ソリューションとしてのバザー
今日はのぞみ園で打ち合わせをし,こどもたちと遊んできた。いつも思うのだけれど,この園の職員の先生たちはこどもの思いを受け止めるということをごく自然にやっている。翻って自分を鑑みるに,子ども好きというだけで学生の頃から子どもたちや年下の少年たちの相手をしてきたけれど,必要以上に随分厳しい接し方をしていただろうと思う。ことに指導者をしていたころのスカウトの諸君には怒鳴ったことも多かったし,どちらかというと自分の価値観を伝えたいという思いが強かった。現役時代の団委員長だったK牧師が,君は教えることがうまいとほめてくれたことがあったけれど,教育・教術や人の心というものに興味を持って調べ,実地応用しはじめたのはおそらくあのことばがきっかけだったろう。まわりの人との関わりをすべて怖がって頑なだった私に対して,ほめられることでやる気が引き出されて変わっていくということを実例で教え示してくれた,懐かしい人である。
まもなく文化の日,そしてバザーがやってくる。教会・のぞみ園ではK姉や園児の父母,職員を中心に着々と準備が進んでいる。
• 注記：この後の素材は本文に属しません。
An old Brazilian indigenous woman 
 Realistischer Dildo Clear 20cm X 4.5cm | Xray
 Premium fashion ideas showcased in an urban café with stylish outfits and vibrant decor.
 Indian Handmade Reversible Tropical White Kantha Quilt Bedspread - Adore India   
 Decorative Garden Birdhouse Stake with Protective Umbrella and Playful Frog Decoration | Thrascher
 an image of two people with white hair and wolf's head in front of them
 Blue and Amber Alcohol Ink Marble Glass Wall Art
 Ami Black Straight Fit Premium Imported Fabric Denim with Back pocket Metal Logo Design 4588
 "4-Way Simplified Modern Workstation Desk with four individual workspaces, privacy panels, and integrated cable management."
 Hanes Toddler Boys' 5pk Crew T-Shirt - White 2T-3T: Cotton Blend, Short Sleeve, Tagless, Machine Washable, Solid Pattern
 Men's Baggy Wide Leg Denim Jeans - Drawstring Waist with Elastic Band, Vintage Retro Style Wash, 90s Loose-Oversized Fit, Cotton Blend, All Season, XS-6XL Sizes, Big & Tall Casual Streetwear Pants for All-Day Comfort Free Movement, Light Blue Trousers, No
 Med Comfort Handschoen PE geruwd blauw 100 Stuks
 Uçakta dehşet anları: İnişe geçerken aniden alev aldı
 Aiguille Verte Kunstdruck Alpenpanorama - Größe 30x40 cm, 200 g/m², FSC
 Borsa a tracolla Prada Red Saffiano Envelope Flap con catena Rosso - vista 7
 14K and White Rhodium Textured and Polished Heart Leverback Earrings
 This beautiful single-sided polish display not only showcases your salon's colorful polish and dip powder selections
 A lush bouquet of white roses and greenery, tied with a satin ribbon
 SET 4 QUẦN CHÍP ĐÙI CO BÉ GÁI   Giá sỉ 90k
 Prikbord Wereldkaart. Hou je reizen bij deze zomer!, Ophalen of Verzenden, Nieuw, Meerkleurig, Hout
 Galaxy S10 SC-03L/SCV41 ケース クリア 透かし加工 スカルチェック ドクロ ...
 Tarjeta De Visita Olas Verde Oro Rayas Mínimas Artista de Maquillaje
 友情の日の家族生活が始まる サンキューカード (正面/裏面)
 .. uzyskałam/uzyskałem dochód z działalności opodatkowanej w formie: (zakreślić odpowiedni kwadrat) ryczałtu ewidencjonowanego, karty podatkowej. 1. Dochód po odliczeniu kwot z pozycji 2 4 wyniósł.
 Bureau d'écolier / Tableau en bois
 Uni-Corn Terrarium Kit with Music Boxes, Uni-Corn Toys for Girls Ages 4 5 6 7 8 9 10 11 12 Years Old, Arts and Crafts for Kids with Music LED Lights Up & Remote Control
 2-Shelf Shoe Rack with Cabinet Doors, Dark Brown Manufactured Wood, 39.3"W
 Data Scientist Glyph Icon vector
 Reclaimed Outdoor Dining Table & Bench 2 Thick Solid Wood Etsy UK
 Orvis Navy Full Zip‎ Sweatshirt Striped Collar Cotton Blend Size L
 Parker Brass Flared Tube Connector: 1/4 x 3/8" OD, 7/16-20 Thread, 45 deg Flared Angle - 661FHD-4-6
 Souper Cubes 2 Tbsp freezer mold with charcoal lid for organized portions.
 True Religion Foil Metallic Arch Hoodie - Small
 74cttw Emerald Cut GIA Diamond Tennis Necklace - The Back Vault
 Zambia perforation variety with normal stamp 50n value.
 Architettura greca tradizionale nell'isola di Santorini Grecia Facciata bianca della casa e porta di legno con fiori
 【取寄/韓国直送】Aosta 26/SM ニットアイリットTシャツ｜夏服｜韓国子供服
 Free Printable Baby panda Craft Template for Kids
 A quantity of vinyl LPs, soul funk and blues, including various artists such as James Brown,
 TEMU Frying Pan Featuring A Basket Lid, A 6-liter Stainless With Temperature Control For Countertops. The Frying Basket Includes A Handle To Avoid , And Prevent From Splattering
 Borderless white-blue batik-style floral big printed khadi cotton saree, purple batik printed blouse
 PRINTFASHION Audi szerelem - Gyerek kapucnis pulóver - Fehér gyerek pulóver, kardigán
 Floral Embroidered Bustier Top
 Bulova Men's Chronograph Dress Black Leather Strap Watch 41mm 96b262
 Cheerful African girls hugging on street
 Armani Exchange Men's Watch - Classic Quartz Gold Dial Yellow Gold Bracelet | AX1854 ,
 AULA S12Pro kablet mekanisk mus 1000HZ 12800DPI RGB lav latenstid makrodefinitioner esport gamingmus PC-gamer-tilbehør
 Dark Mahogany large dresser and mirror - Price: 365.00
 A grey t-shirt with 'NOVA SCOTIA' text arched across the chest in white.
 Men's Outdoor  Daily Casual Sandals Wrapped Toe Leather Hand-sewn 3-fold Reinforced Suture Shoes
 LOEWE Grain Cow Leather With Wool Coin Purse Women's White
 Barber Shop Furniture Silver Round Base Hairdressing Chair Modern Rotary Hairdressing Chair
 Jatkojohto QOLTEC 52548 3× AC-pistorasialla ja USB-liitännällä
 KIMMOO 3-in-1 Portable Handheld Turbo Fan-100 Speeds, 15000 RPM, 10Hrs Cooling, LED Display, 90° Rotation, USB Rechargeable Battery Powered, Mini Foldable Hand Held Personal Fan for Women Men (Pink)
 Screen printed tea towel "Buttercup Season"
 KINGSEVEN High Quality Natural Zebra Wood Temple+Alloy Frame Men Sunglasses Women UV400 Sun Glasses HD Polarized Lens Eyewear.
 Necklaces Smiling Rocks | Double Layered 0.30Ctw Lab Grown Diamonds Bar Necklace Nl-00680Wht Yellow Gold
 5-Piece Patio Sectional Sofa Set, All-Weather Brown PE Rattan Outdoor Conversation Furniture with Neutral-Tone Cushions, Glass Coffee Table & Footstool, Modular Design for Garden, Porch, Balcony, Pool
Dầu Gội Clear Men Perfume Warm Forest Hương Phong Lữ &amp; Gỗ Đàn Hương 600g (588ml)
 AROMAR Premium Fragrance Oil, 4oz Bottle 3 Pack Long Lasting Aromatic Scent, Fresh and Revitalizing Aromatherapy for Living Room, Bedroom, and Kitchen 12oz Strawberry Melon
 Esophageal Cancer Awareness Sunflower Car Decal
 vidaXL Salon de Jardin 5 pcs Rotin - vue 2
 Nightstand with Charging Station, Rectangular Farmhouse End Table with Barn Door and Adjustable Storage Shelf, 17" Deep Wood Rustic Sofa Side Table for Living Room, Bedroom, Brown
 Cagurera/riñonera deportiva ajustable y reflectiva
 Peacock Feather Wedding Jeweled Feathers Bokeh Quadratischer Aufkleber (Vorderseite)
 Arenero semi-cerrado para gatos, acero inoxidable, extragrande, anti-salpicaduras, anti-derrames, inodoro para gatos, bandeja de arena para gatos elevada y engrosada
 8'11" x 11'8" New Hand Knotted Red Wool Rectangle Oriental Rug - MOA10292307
日本はものがあふれる豊かな社会になってしまった。使わなくなったけれど捨てるには惜しいものをゆずりあうというバザーも,なかなか成立しにくくなっているといわれている。一方で,のぞみ園のバザーは卒園児やその父母と職員の再会の場であり,近所の人の楽しみであり,近隣のお店や施設の売り込みの場所であり,現園児やその父母の力の見せ所としてその魅力はいまも輝いている。経済学や会社の世界では,ものが豊かな時代にあって売るのは製品ではなく,ソリューション(ひとびとに役立つもの/考え方/仕組み)だと言われて久しい。のぞみ園のバザーも,単に不要品を交換する場というのではなく,出会いの場,表現の場,自己実現の場として存分に活用できているだろうか。